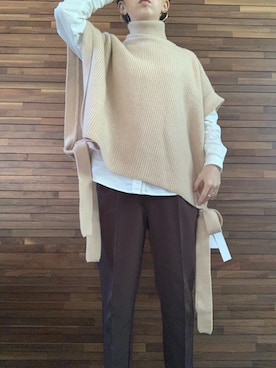 Mamikanaさん（レディース・150cm）の秋コーディネート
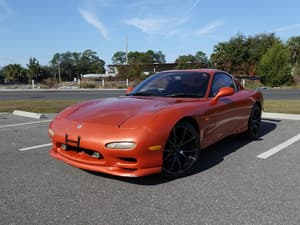 1992 Mazda RX-7 JDM car for sale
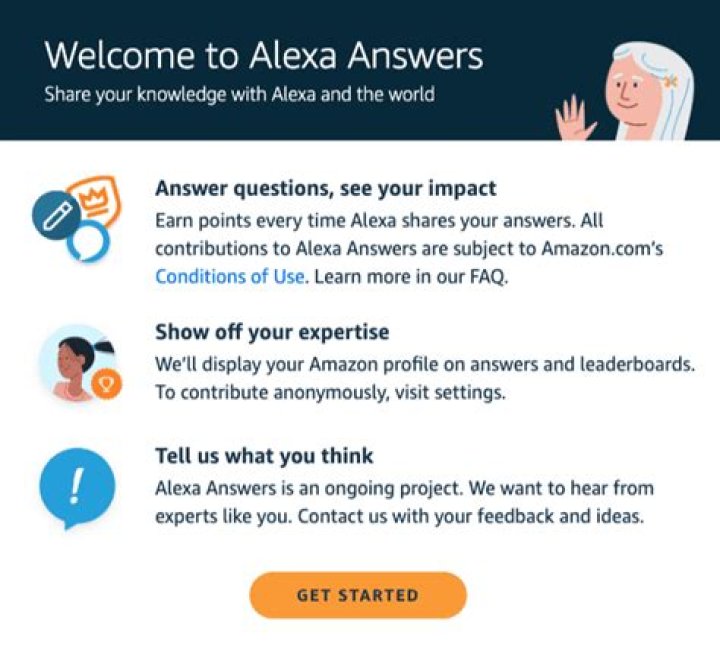 amazon alexa questions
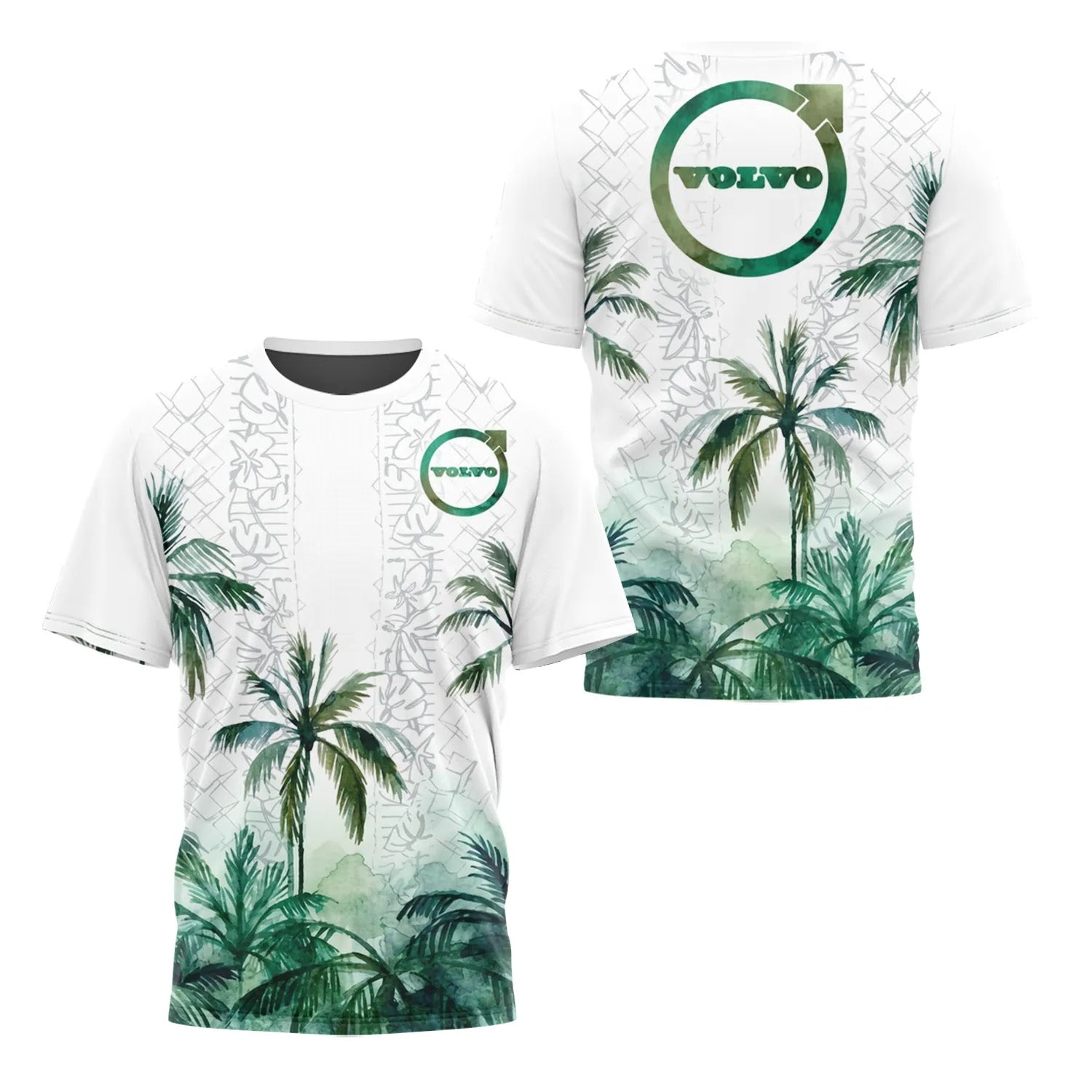 Volvo T-shirt SHW015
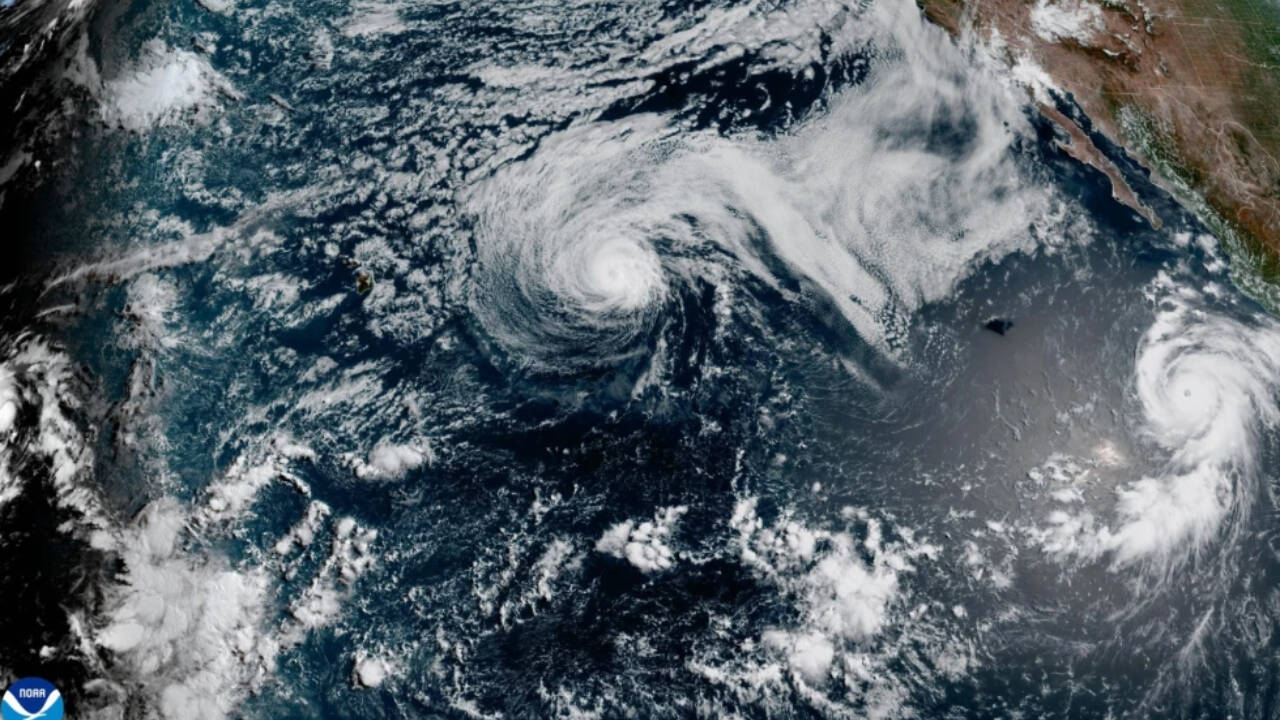 Genevieve Becomes 2026's First Category 5 Hurricane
------------------------------------------------
• _EXERCISE AIM_
Quote the records above exactly, leaving out any pictures.

• _WORKED SOLUTION_
 Mamikanaさん（レディース・150cm）の秋コーディネート
 1992 Mazda RX-7 JDM car for sale
 amazon alexa questions
 Volvo T-shirt SHW015
 Genevieve Becomes 2026's First Category 5 Hurricane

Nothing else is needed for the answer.